Dante rubbed his eyes. Avalon’s basic foundations were there—the towers and the walkways, and the streets weaving around them—but everything else was a jumble of noise. One moment a floating screen displayed scenes from a recent tennis tournament, the next it was playing a lewd advert overlaid with a reminder to always check in at a cleansing clinic first thing in the morning.
“Don’t worry,” said Shelley, “I can’t make much sense of it either. Everyone out there sees something different because that chip in the back of their neck is pumping simulated rubbish into their brains. Doesn’t matter that none of it is real as far as the aether is concerned: if someone thinks something is there, it will be.”
Dante had to turn his back on it all before he spewed his aethereal dinner out over the aethereal garden. “Is there anywhere we can go that’s quiet?” he asked.
“Remember what happened the last time we tried that?” She fixed him with a glare but, with the rest of her face hidden in shadow, it was hard to tell if she meant it as a joke.
Hoping to drop the subject, he asked, “What about the beach?”
“So long as we stick to Seelie territory, we should be okay,” she replied, digging her hands into her coat pockets. “It’s been pretty quiet around here since those riots kicked off.”
“Riots?” Kat had mentioned something about an uprising when she visited him in hospital, but Dante had been too focused on his own troubles to ask anyone about it.
“And I thought I was an introvert. Yeah, there’s something going on down in the undertown. Last I heard, the guy who runs the place locked himself away and the locals want his head.” She shrugged. “Politics isn’t my strong subject.”
They passed out of the residential area and into the island’s so-called ‘Relaxation District’, which appeared to the aether an impressionistic painting of green fields dotted with vague blocks of buildings. Seelie officers, it seemed, had little time to relax and take in the scenery.
After a moment’s silence, Shelley added, “I heard he tried to have you executed.”
“Something like that.” Politics wasn’t exactly Dante’s area of expertise, either. “I wonder if it has anything to do with—”
Before he could finish, something tugged at his stomach and an intuitive swirl of anxiety caused him to turn around and look back the way they came.
He couldn’t see himself. His body, sitting in a trance, had vanished from his sight, and Seelie’s cluster of holiday villas was blurring into the disjointed, chaotic backdrop of Avalon.
“Looks like you’re at your limit,” said Shelley.
“It’s not that, it’s just…” Dante clutched his abdomen. What if somebody found their bodies, sitting in oblivious trance? Would the two of them jump back at the slightest disturbance? And wouldn’t that leave them disorientated and vulnerable? The more the questions piled up, the more that invisible force pulled at his insides.

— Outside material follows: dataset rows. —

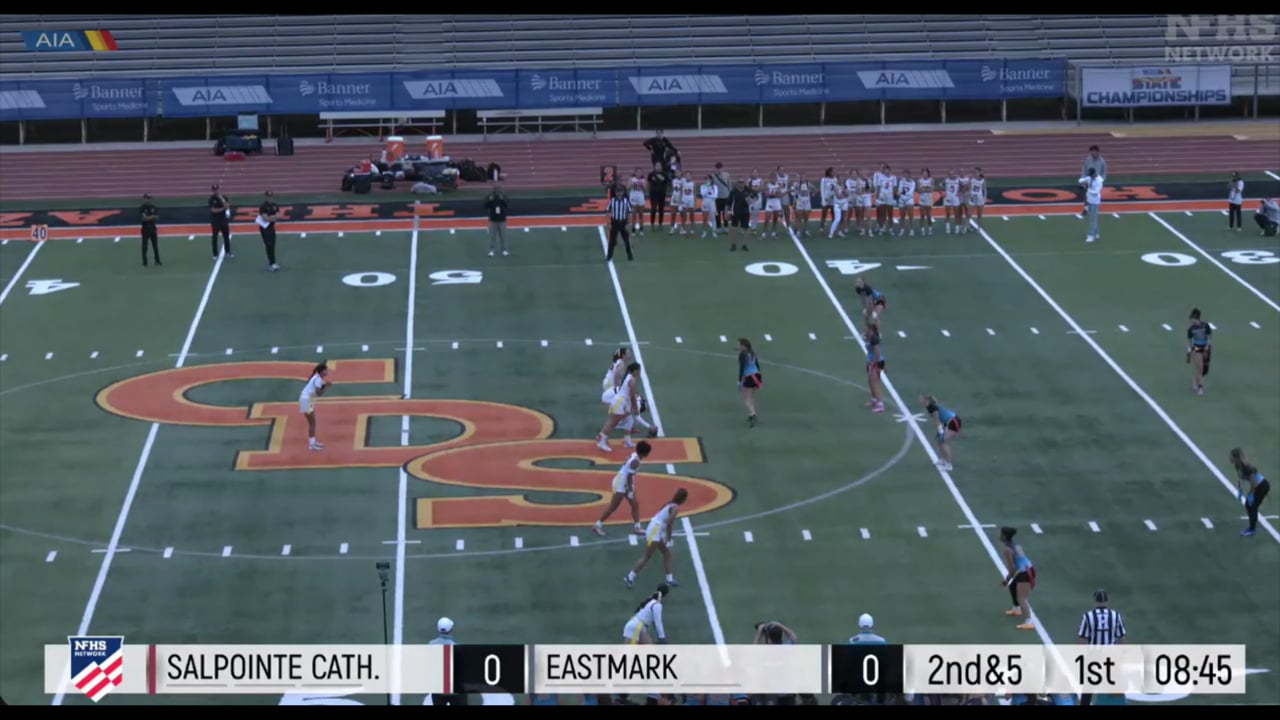 Example of legal screening(blocking) by A players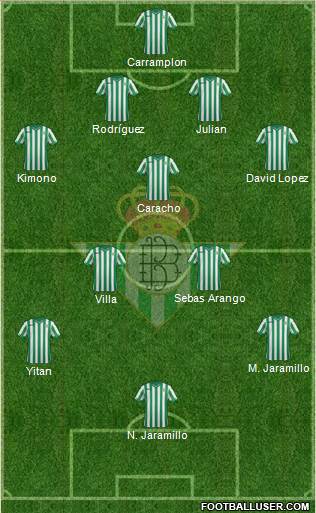 Real Betis B., S.A.D. Formation 2015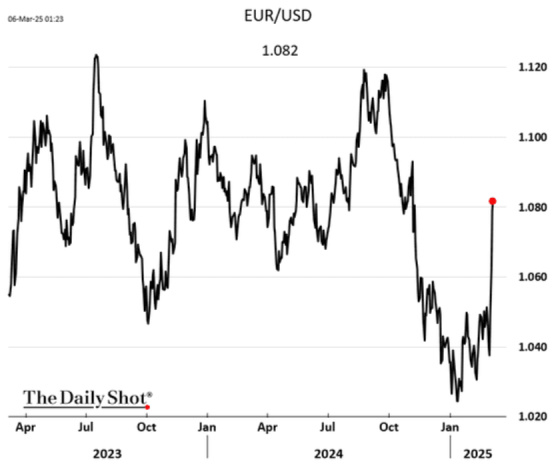 EUR_USD March 6, 2025 2023 - 2025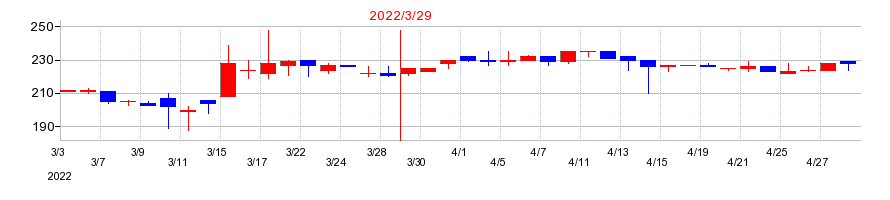 2022年のカーチスホールディングスの配当落ち日前後の株価チャート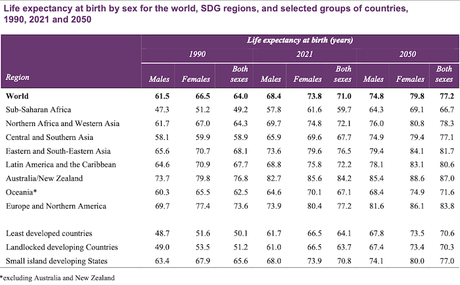 World Population Prospects From United Nations Report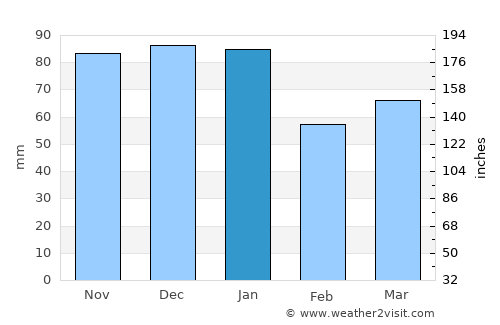 Fareham average rain in January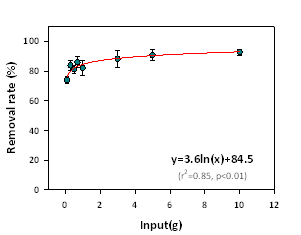 Variation of removal rates with the change of concentrations in sophorolipid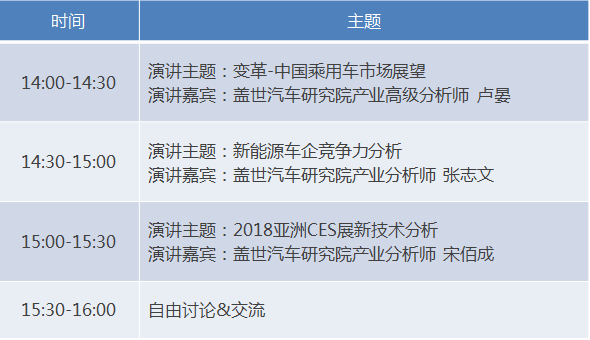 沙龙｜未来中国乘用车市场发展趋势？汽车产业变革期，车企如何直面挑战？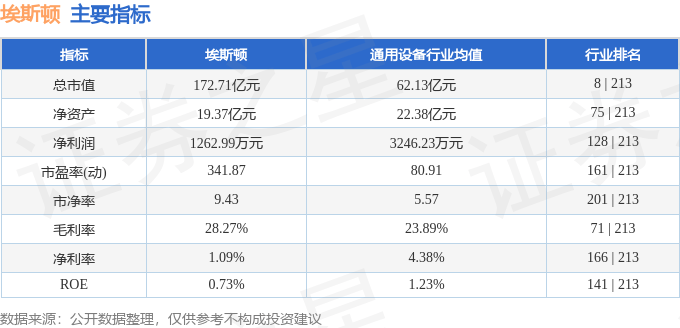股票行情快报：埃斯顿（002747）7月3日主力资金净卖出21.34万元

“No, really, you’re at your limit,” said Shelley. “It’s okay to admit it, you know? You’re far enough away from your starting point that you’re not comfortable going any further. And it would have been even worse if you hadn’t visualised your body to start with, believe me.”
The previous draft for Episode Six was almost entirely focused on these lessons, before I decided to shift to character drama…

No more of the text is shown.